I recently presented to a local organization on setting/scaling up data science teams. We had a thoughtful one-hour conversation about the pseudo-prerequisites to accelerating the adoption of data science within an organization. Our conversation kept coming back to the same point: data scientists are a magnifying glass for an organization – whether if an organization has a strong analytic culture or if its’ systems are disparate – the current status will only be amplified with data scientists. But when data scientists unearth issues – in the data, in the infrastructure, or even the culture – its an opportunity to improve organizational productivity and culture. Now for some subtext:
In October of 2012, Harvard Business Review dubbed the Data Scientist as the sexiest job of the 21st century. Four years later, the immense demand remains unchanged for individuals who can write code to sift through both known-critical and seemingly superfluous data, correctly develop and apply statistical models, and effectively communicate key insights to improve organizational outcomes. In fact, as success stories continue to pour into the media, organizations – many you are very familiar with, but shall remain nameless – are hastily moving to add individuals with these skillsets onto their teams to explore their environments. With big data and analytics raising the eyebrows of most of c-suite executives, business units are catalyzing for the deep dive into the data science waters. While there are plenty of insights regarding the ideal skillset of a data scientist – hint: it’s the soft skills – very few mention the prerequisites for scaling data science teams. This begs the question: so if I am building a data science team, what should I do ASAP to make sure my team is successful? What follows are some of the overlooked aspects of building data science teams that my peers and I have personally experienced – some are even blockers for today’s most highly effective data science teams.
1. Access to data.
This shouldn’t come as a surprise, but data scientists work with data, preferably in the rawest form its collected. Giving permission to data might seem straightforward but some organizations will limit data scientists to data marts or cubes (pre aggregated data). With most data scientists spending a big chunk of their time playing data “Go Fish”, making data available allows data scientists to focus on what they do best.

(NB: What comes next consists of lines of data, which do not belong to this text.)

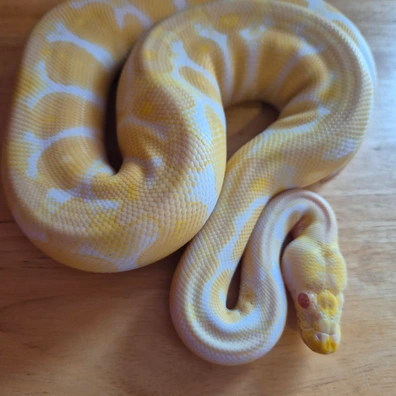 Albino Pastel Ball Python - male for sale from SD Reptiles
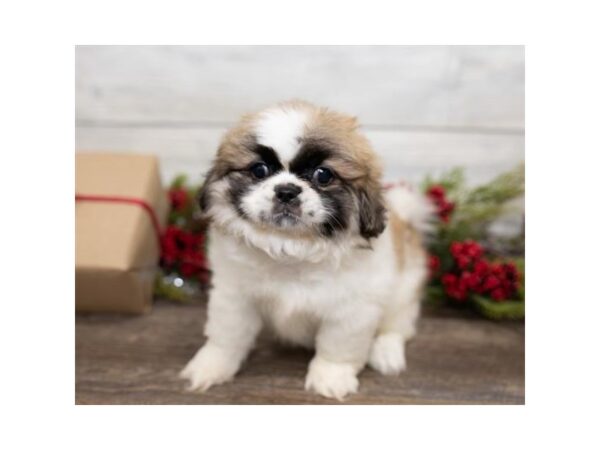 Pekingese-DOG-Female-Fawn-17392-Petland Topeka, Kansas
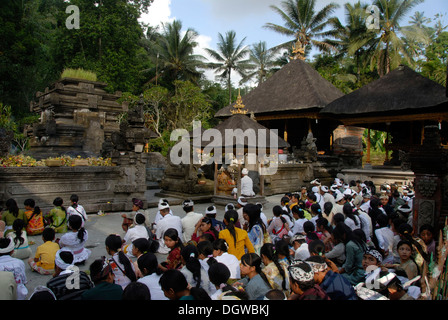 L Induismo di Bali, credenti riuniti in preghiera cerimonia con bramino sacerdote, santuario con sacra primavera, Pura Tirta Empul Temple Foto Stock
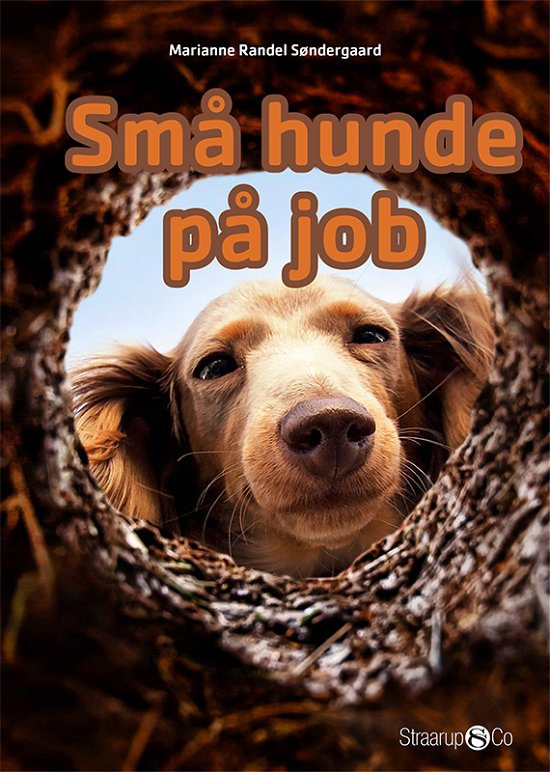 Cover for Marianne Randel Søndergaard · Mini: Små hunde på job (Gebundenes Buch) [1. Ausgabe] (2018)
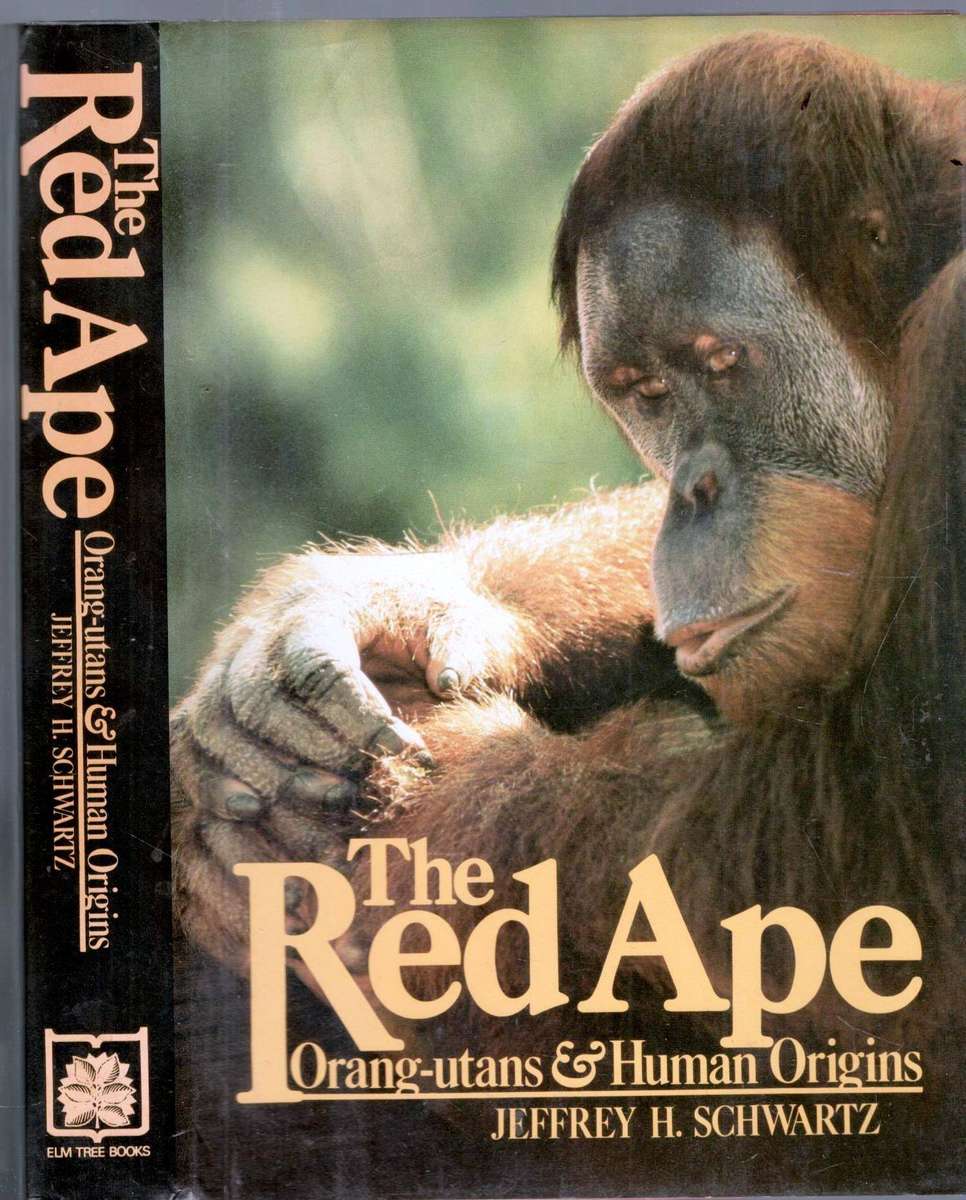 The Red Ape  --  Orang-utans and Human Origins  --  Jeffrey H Schwartz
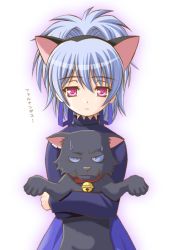 Rule 34 | 00s, 1girl, animal ears, black cat, cat, cat ears, darker than black, mao (darker than black), shiumai, solo, teardrop, yin (darker than black)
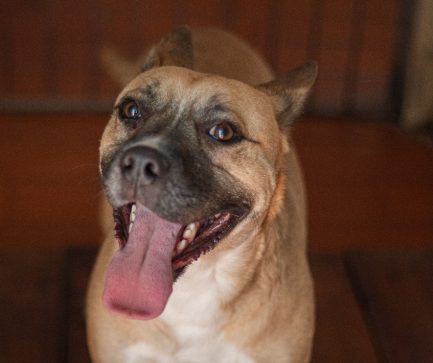 Kio en adopción - Refugio Don Torcuato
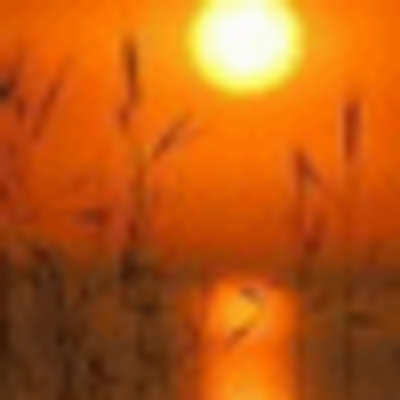 Profile Picture of Paula North (@north_paula) on Twitter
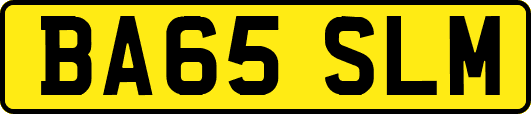 BA65SLM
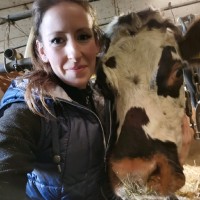 Stephanie Burkhalter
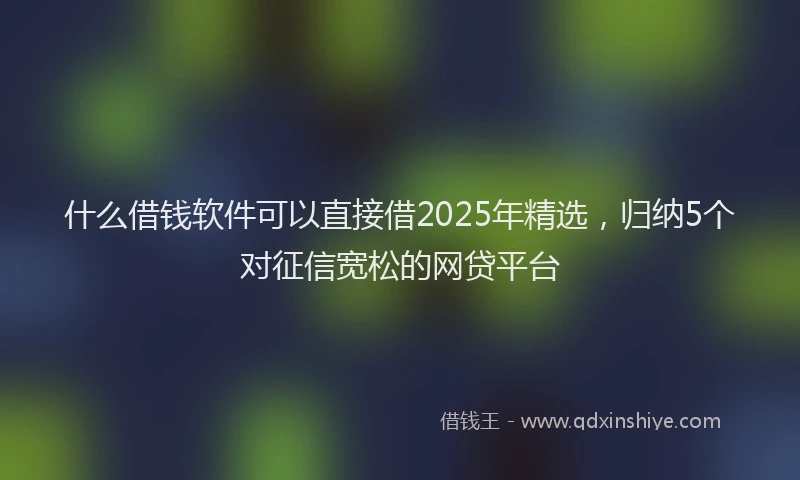 什么借钱软件可以直接借2025年精选，归纳5个对征信宽松的网贷平台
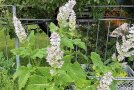 Muskatsalbei lockt Insekten und Bienen an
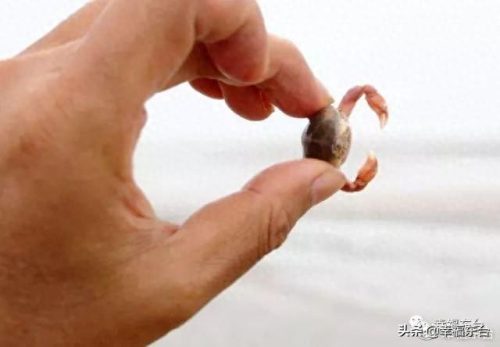 盐城品质硅藻泥排名前十(盐城耐用硅藻泥哪家好)插图10 盐城品质硅藻泥排名前十(盐城耐用硅藻泥哪家好)插图10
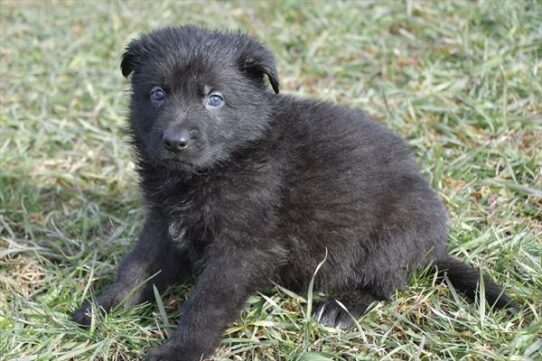 German Shepherd DOG Male Black 6844 Petland Pensacola, Florida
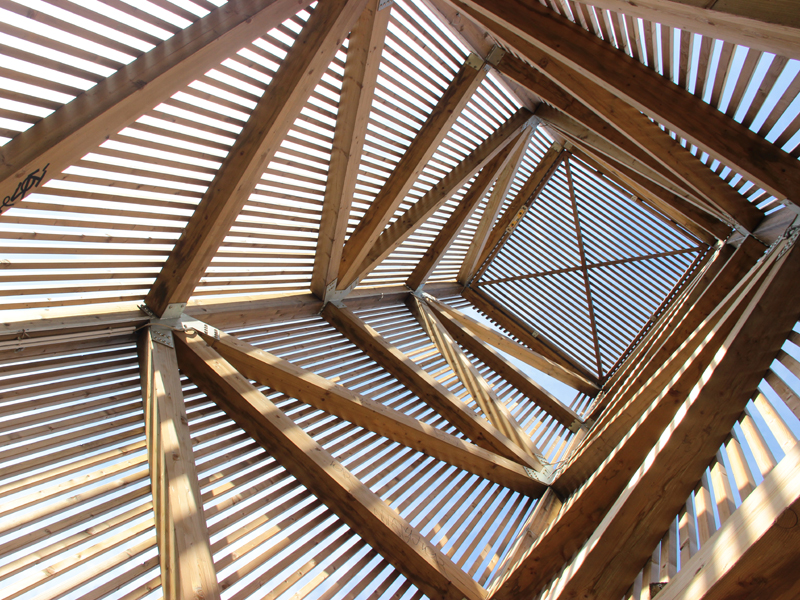 IL MUSEO VERTICALE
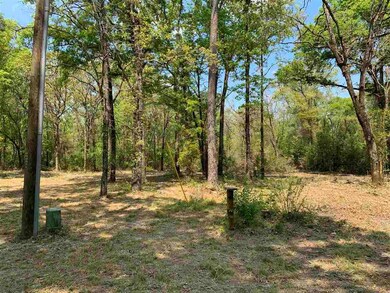 348 Cooperwood Rd, Crawfordville, FL 32327 - photo 3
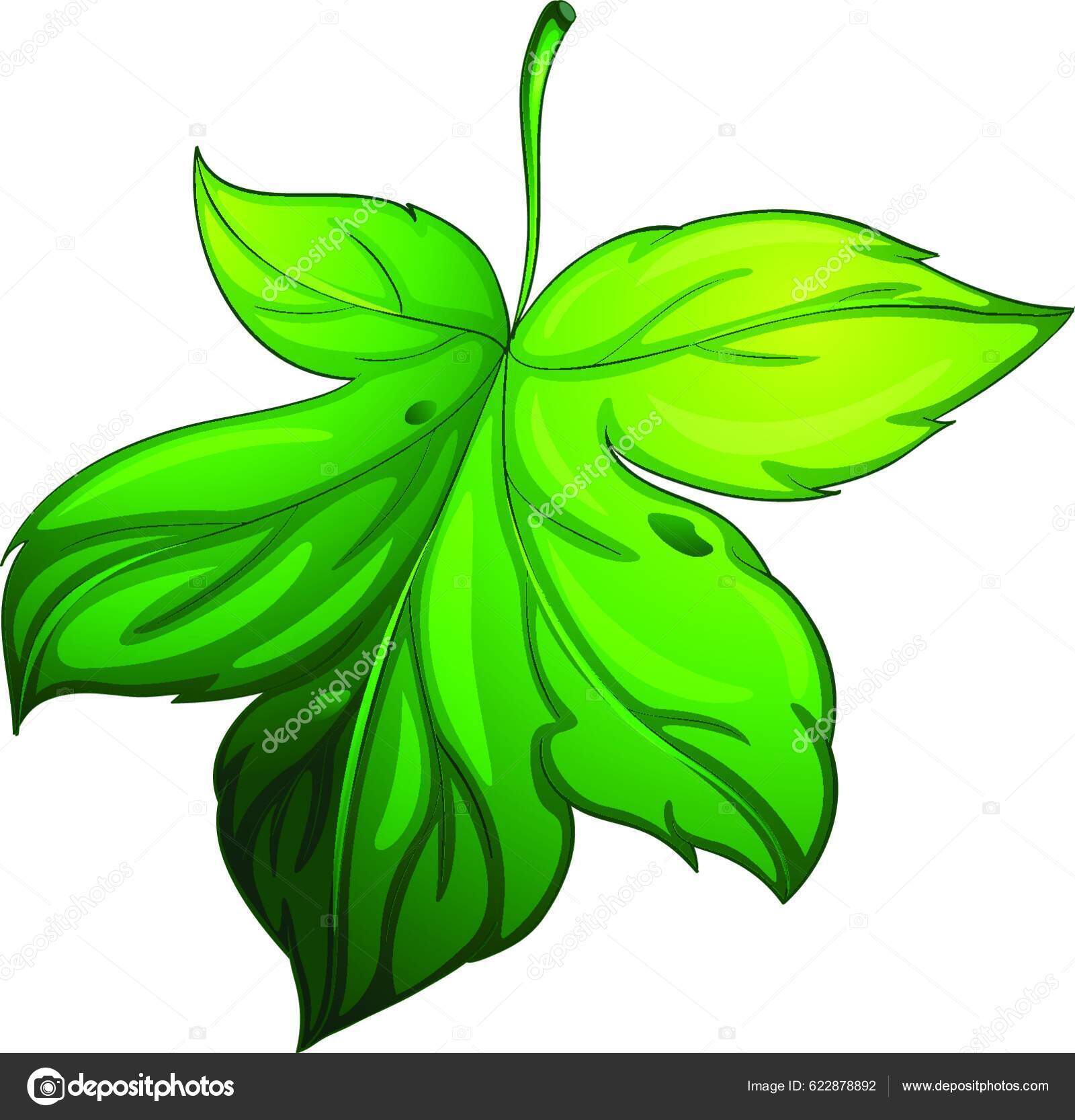 Isolated Leaf White Stock Vector by ©YAY_Images 622878892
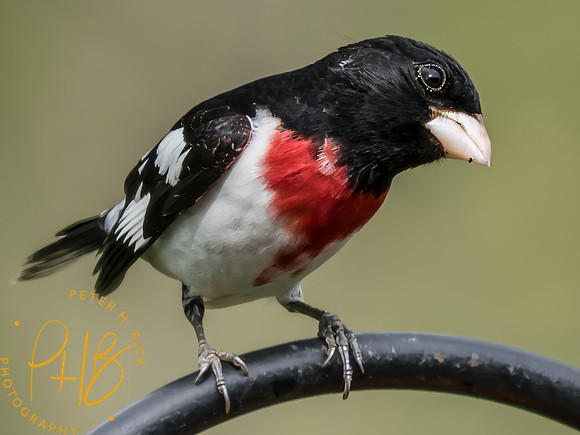 Indiana Birds and Wildlife 2025 4481-Edit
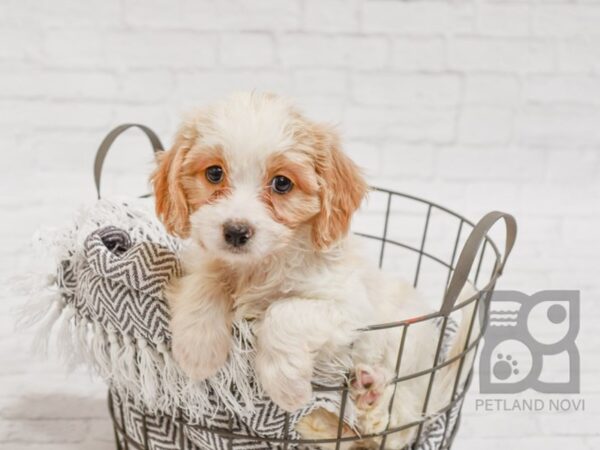 Cavachon-DOG-Female-BLENHIEM-34322-Petland Novi, Michigan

2. Appropriate governance.
With freedom comes responsibility. Providing appropriate access to individuals who most likely have the highest analytical ceilings of an organization also means having strong data governance practices in place. Organizations should be thoughtful about the risk and reward of limiting access. Applying some basic data governance practices will allow data scientists understand the data, the data flow, and data quality issues.
3. Provide an analytic sandbox.
Data scientists are constantly building models and structuring data for analysis – its 80% of the job. Create a space for teams to build models and share data so that processes do not have to be re-run from scratch each time will save valuable business time.
4. Leverage data visualization tools.
This I believe is a big one. First, data science is more than just model building, it’s collecting critical insights about an organization and effectively communicating those insights. One of the best ways a data scientist can do this is by building tools that allow key stakeholders to see and interact with the story the data tells. Second, good data tools also build a culture of data fluency by allowing the business to interact and understand the who, what, and where of the business. They allow an organization to take action. The tools build trust around using data to improve the business and getting to the when, why and how.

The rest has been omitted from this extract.